During my semi-retired days in Sin City, I got on the radio. Not a paid gig, or even reg­ularly scheduled, but because I wrote a politi­cal column for a monthly newspaper directed to seniors (there’s a bunch of them in the Las Vegas Valley), the publisher of that paper had me on his radio show from time to time to talk politics.

My friend Steve Wark, a Republican political consultant and struggling golfer like me, had a daily talk show on a local AM station. When he needed a punching bag for his right-wing diatribes, he’d invite me over to sit on the hot seat in his studio.

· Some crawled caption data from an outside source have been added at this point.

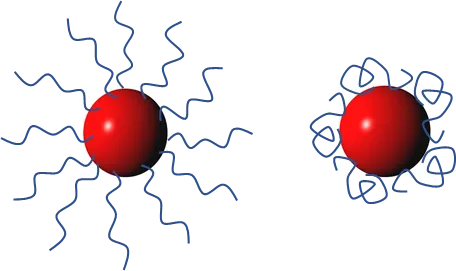 Polymers on particles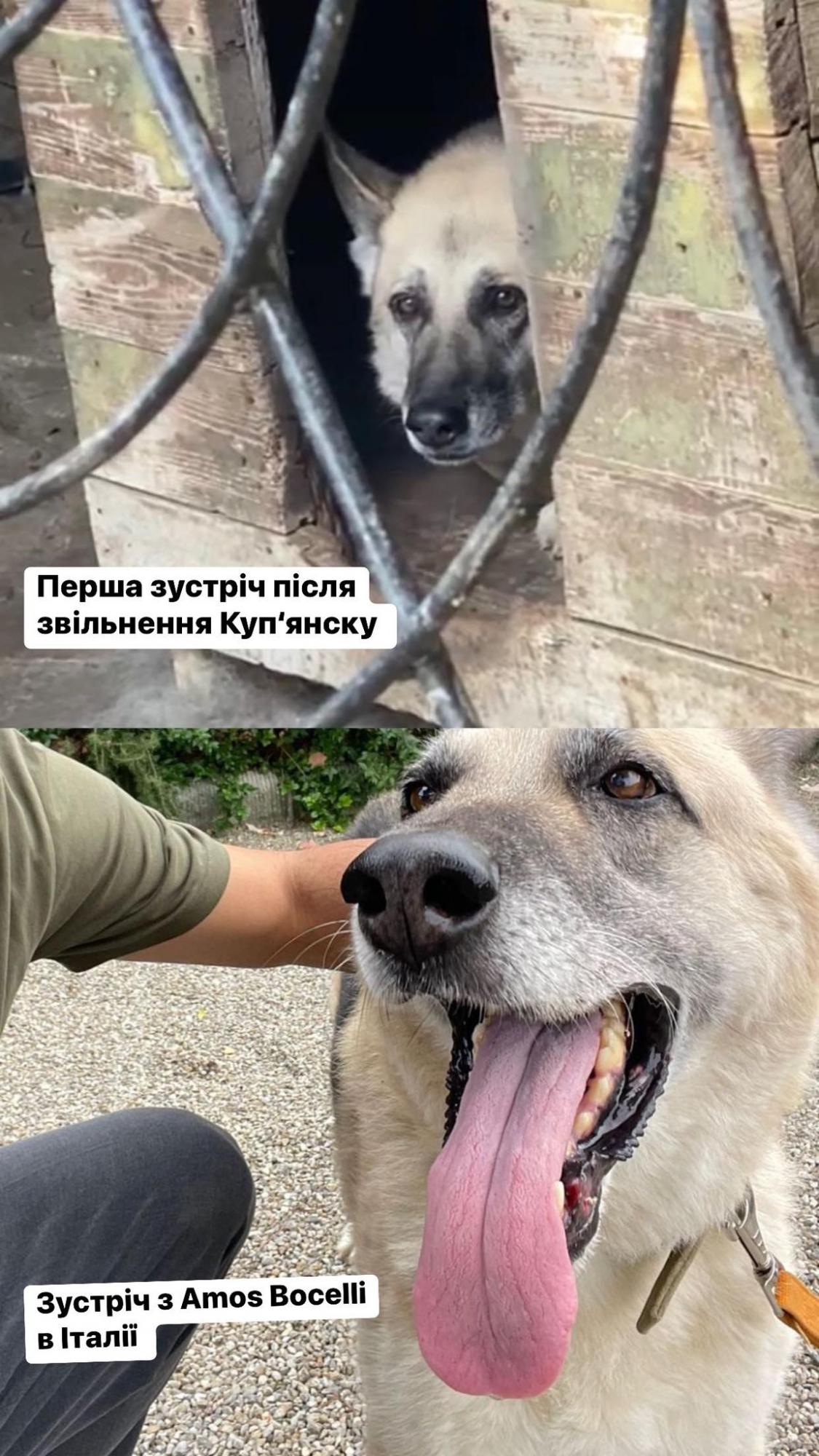 Чудеса случаются! Пес из Купянска теперь живет в доме оперного тенора Андреа Бочелли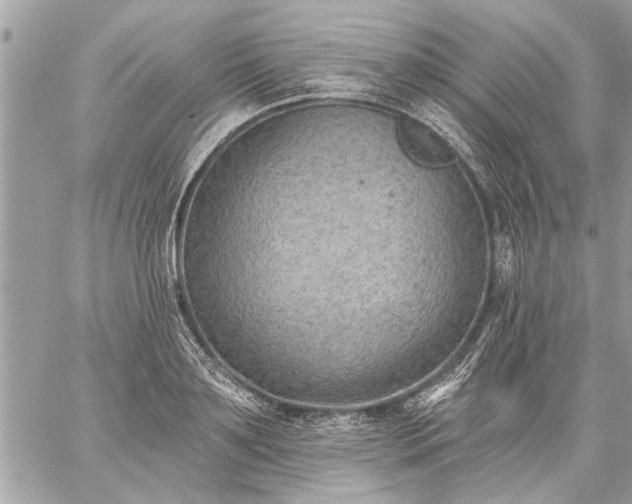 X0000059060891200510171936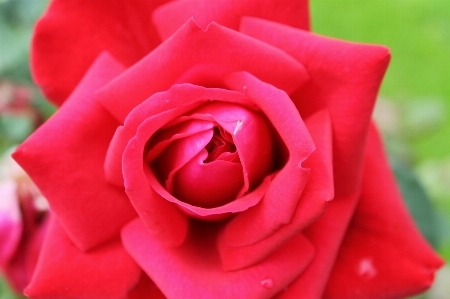 Blossom plant flower petal Photo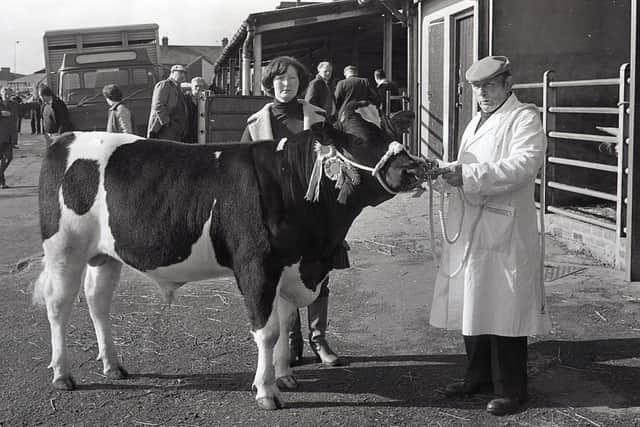 Pictured in February 1992 is John Kearney with the Friesian champion of Neal McErlean, Portglenone at the Co Antrim Agricultural Society's spring show and sale at Ballymena. Picture: Farming Life/News Letter archives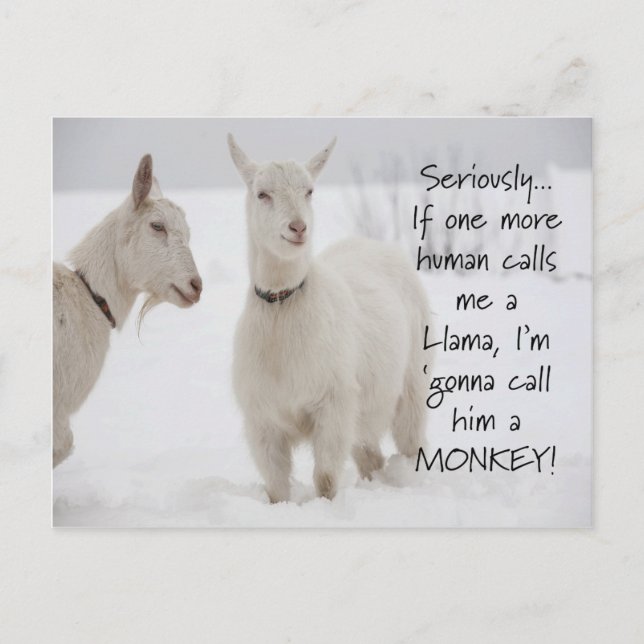 Cute Funny Animal Goat Joke Postcard (Front)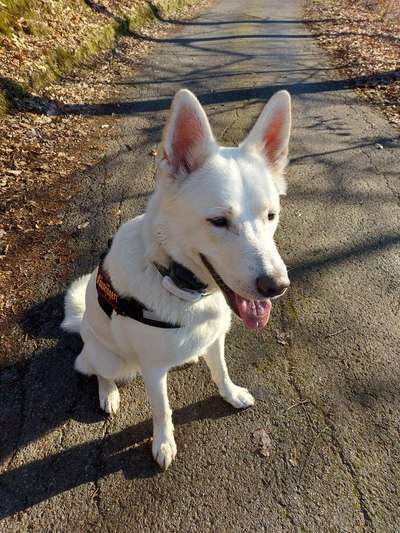 Trainingseinheiten mit Dog-Scooter-Beitrag-Bild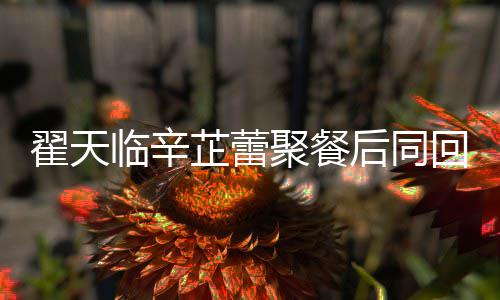 芷蕾芷蕾怎么翟天翟天临辛临辛巢 后同回爱感情样聚餐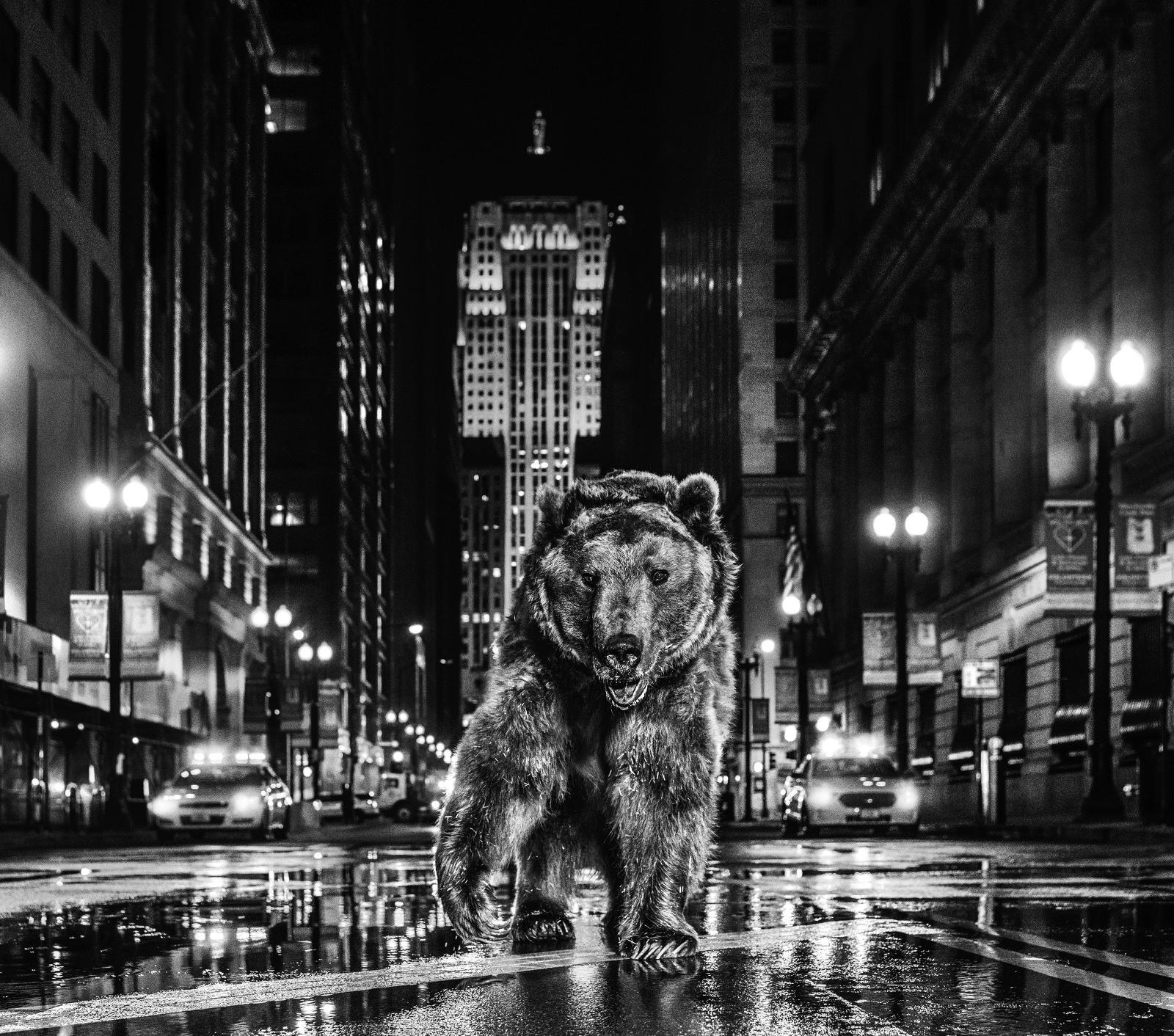Orso di Chicago
La città di Chicago - 2019

Taglie:

Dimensioni standard
Dimensione immagine: 37" x 41"
Con cornice Dimensioni: 52" x 56"

Dimensioni grandi
Dimensioni dell'immagine: 56" x 63.5"
Incorniciato Dimensioni: 71" x 78.5"

Dichiarazione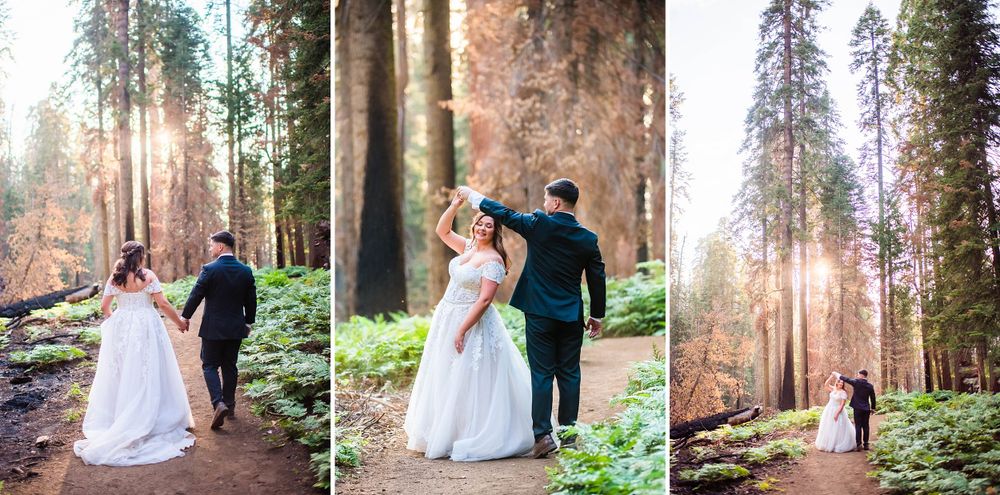 elopement wedding in sequoia national park california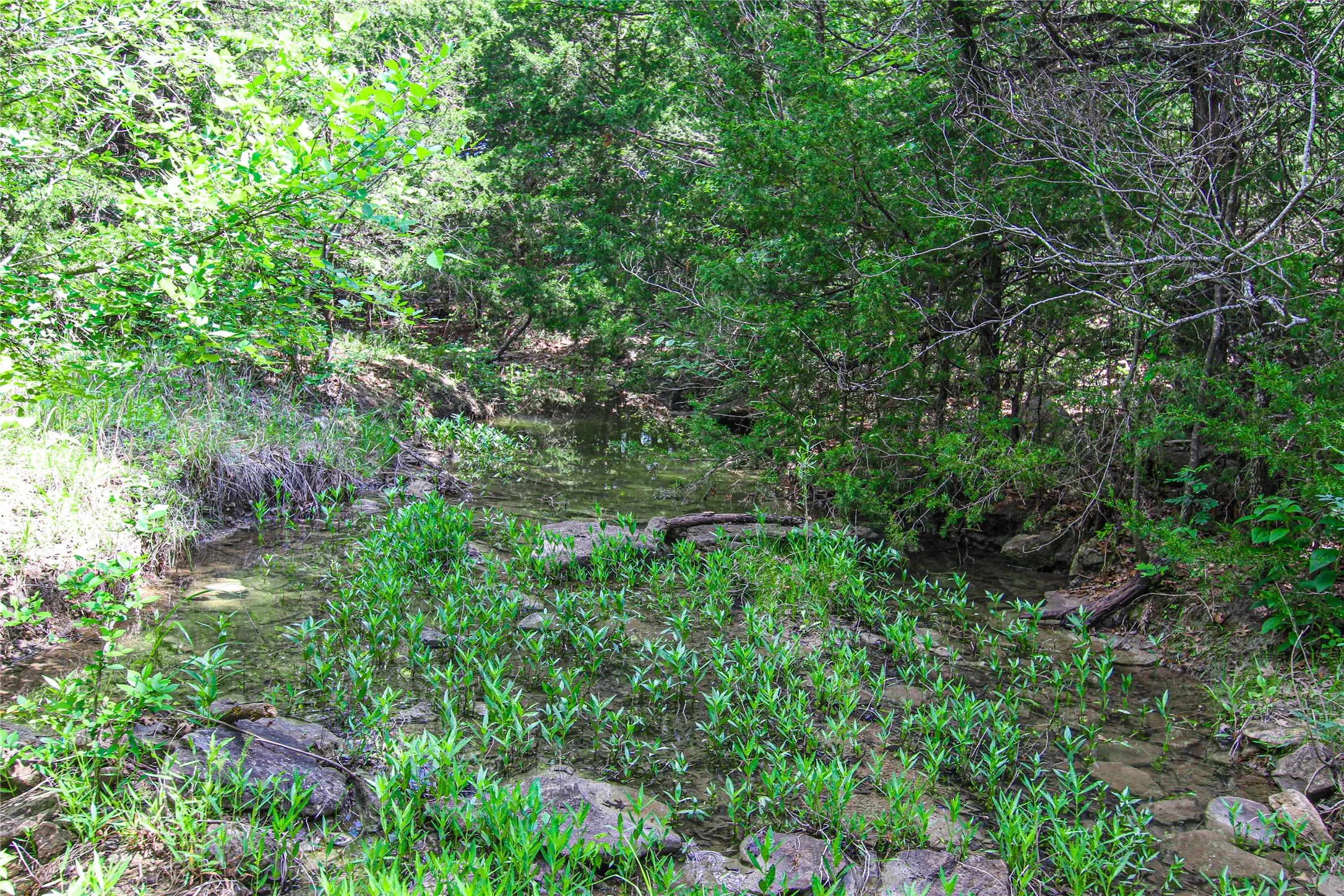 Creek bed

We have five or six podcasts out there now, and we think they’re pretty good. Like talk ra­dio without the bad word police. You may find The Shore Thing podcast at Boreal.org.

Steve Fernlund
Steve Fernlund
Typically these “about me” pages include a list of academic achievements (I have none) and positions held (I have had many, but who really cares about those?) So, in the words of the late Admiral James Stockwell, “Who am I? Why am I here?” I’m well into my seventh decade on this blue planet we call home. I’m a pretty successful husband, father, and grandfather, at least in my humble opinion. My progeny may disagree. We have four children and five grandchildren. I spent most of my professional life in the freight business. At the tender age of 40, early retirement beckoned and we moved to Grand Marais. A year after we got here, we bought and operated the Cook County News Herald, a weekly newspaper in Grand Marais. A sharp learning curve for a dumb freight broker to become a newspaper editor and publisher. By 1999 the News Herald was an acquisition target for a rapidly consolidating media market. We sold our businesses and “retired” again, buying a winter retreat in Nevada. In the fall of 2016, we returned to Grand Marais and bought a house from old friends of ours on the ridge overlooking Lake Superior. They were able to move closer to family and their Mexico winter home. And we came home to what we say is our last house. I’m a strong believer in the value of local newspapers--both online and those you can wrap a fish in. I write a weekly column and a couple of feature stories for the Northshore Journal. I’m most interested in writing about the everyday lives of local people and reporting on issues of importance to them.